Perkembangan itu kata Maesyal harus direspons cepat, termasuk adanya perubahan tata ruang di wilayah tersebut. "Perubahan Tata Ruang Wilayah Kabupaten Tangerang saat ini berjalan sesuai koridor dan disesuaikan dengan perkembangan Ibu Kota Negara, Jakarta karena jaraknya berdekatan," jelas Maesyal.
Menyangkut tata ruang, kuasa hukum Pemkab Tangerang Deden Syuqron memastikan pembangunan yang ada di Kabupaten Tangerang saat ini sudah sesuai peruntukan, dan mengacu kepada peraturan daerah yang ada yakni Perda nomor 13 tahun 2011 tentang rencana tata ruang wilayah (RTRW) Kabupaten Tangerang 2011-2031. Hal ini diperkuat oleh Perda nomor 5 tahun 2017 Pemerintah Provinsi Banten tentang perubahan atas Perda Provinsi Banten No 2 Tahun 2011 tentang Rencana Tata Ruang Wilayah Provinsi Banten Tahun 2010-2030.

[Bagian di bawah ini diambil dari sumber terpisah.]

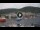 Webcam in Bergen, 92.5 km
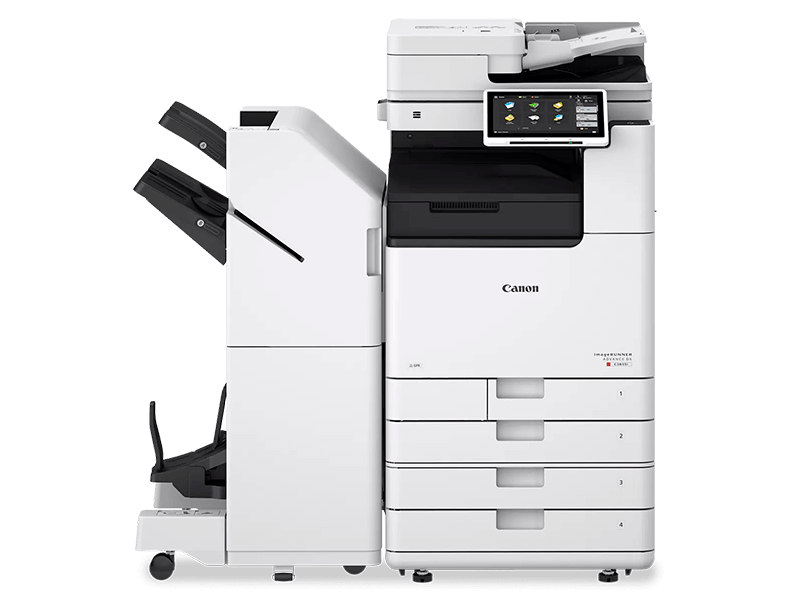 imageRUNNER-ADVANCE-DX-C3835i-C3830i-C3826i-3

Deden juga menyatakan secara yuridis, alih fungsi lahan hanya terjadi apabila telah ditetapkan sebelumnya dalam Perda/Perbup sebagai Lahan Pertanian Pangan Berkelanjutan. Karenanya di Kabupaten Tangerang tidak dapat dikualifikasi adanya alih fungsi lahan dari pertanian ke industri atau perumahan.
"Bagaimana ada alih fungsi lahan kalau Pemkab belum menetapkan Lahan Pertanian Pangan Berkelanjutan. Yang benar adalah telah adanya perubahan tata ruang dari peruntukan ruang pertanian menjadi peruntukan non-pertanian, dari peruntukan ruang industri menjadi perumahan dan lain-lain," beber Deden.

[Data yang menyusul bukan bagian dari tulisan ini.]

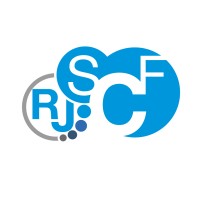 RJ-SCF - Section Ile-de-France logo - Similar company to Réseau Francophone De Métabolomique Et Fluxomique (Rfmf)
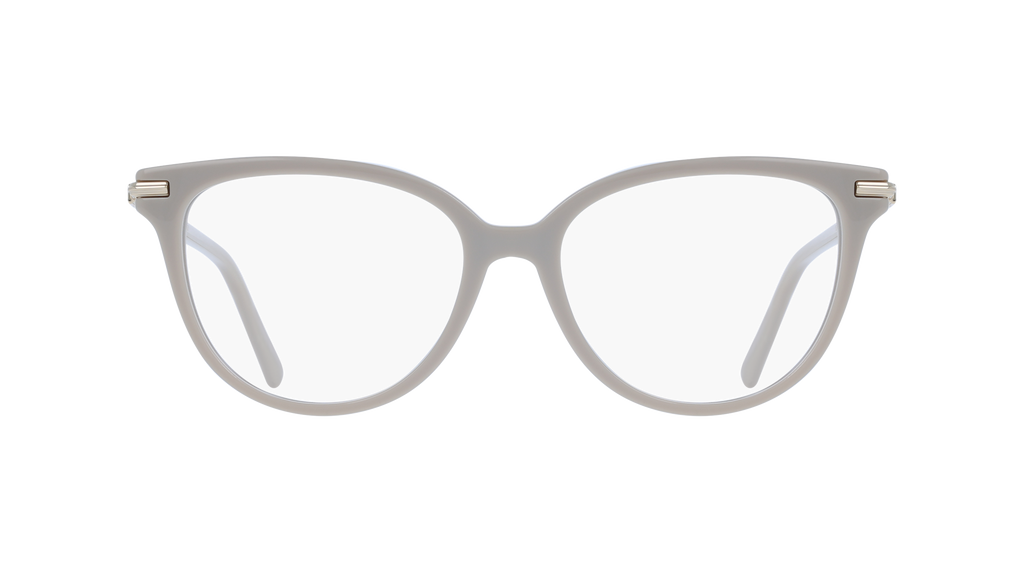 Ferragamo SF3026 259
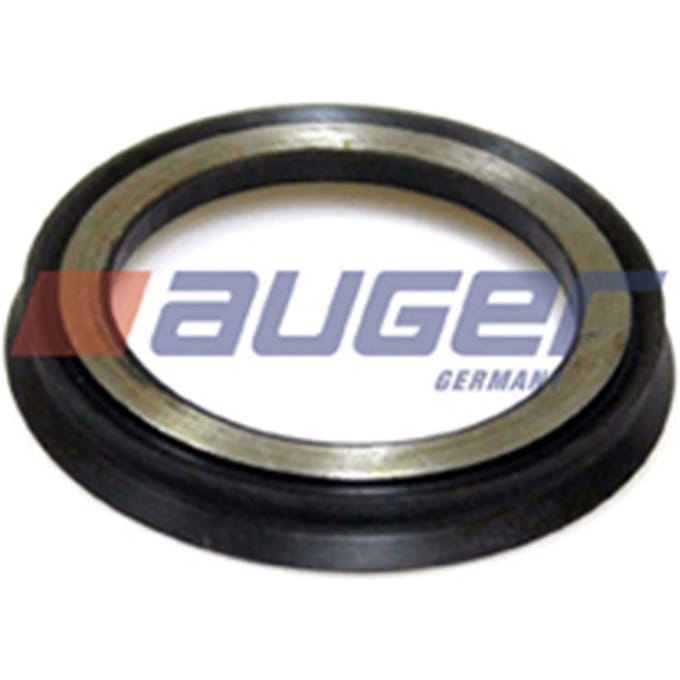 Dichtring, fuseelager AUGER 54866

Kenapa belum ditetapkan karena kata Deden Kabupaten Tangerang ini secara geografis dekat dengan ibu kota negara dan masuk kawasan strategis Tata Ruang Jakarta, Bogor, Depok, Tangerang, Bekasi, Puncak dan Cianjur (Jabodetabekpunjur).
Jadi payung hukum dalam mengelola tata ruang adalah Peraturan daerah Kabupaten Tangerang nomor 13 tahun 2011 tentang RTRW 2011-20131, Peraturan daerah nomor 5 tahun 2017 tentang perubahan atas Perda Provinsi Banten nomor 2 tahun 2011. Di atas lagi adalah Peraturan Presiden Nomor 54 tahun 2008 tentang penataan ruang kawasan Jabodetabekpunjur.
"Karena kekhususan Kabupaten Tangerang itu maka kami akomodatif dengan keutuhan ruang bagi program strategis nasional, karenanya tidak gegabah dalam menetapkan Lahan Pertanian Pangan Berkelanjutan. Nanti sudah ditetapkan, kemudian ternyata secara nasional ada perubahan dan kebutuhan ruang untuk proyek strategis nasional, maka Perda/Perbup menjadi bertentangan dengan Revisi Perpres Jabodetabekpunjur. Kalau negara yang minta kami harus siap," kata Deden.
Sementara itu, Kepala Dinas Penanaman Modal dan Pelayanan Terpadu Satu Pintu Kabupaten Tangerang Nono Sudarno mengatakan, saat ini sudah ada puluhan perusahaan yang mengajukan izin lokasi pengembangan kawasan khususnya di wilayah utara Tangerang. "Semuanya kami akomodir dan dilayani dengan baik," tuturnya.
Nono memastikan perizinan yang telah diterbitkan sesuai ketentuan berlaku. Seperti yang sudah ada saat ini yakni Kawasan Angkasa Land, Kawasan Laksana Business Park dan Pantai Indah Kapuk 2.